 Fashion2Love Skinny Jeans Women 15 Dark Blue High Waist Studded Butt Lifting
...
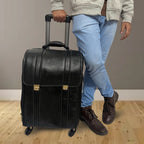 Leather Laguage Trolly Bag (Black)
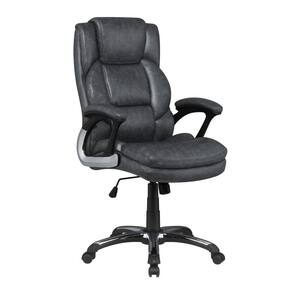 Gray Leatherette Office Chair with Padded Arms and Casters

--- EXERCISE PROMPT ---
Everything above from the line with "Leather Laguage Trolly Bag (Black)" through the line with "Gray Leatherette Office" should be retyped exactly, and nothing else; omit pictures.

--- RESPONSE TO THIS TASK ---
 Leather Laguage Trolly Bag (Black)
 Gray Leatherette Office Chair with Padded Arms and Casters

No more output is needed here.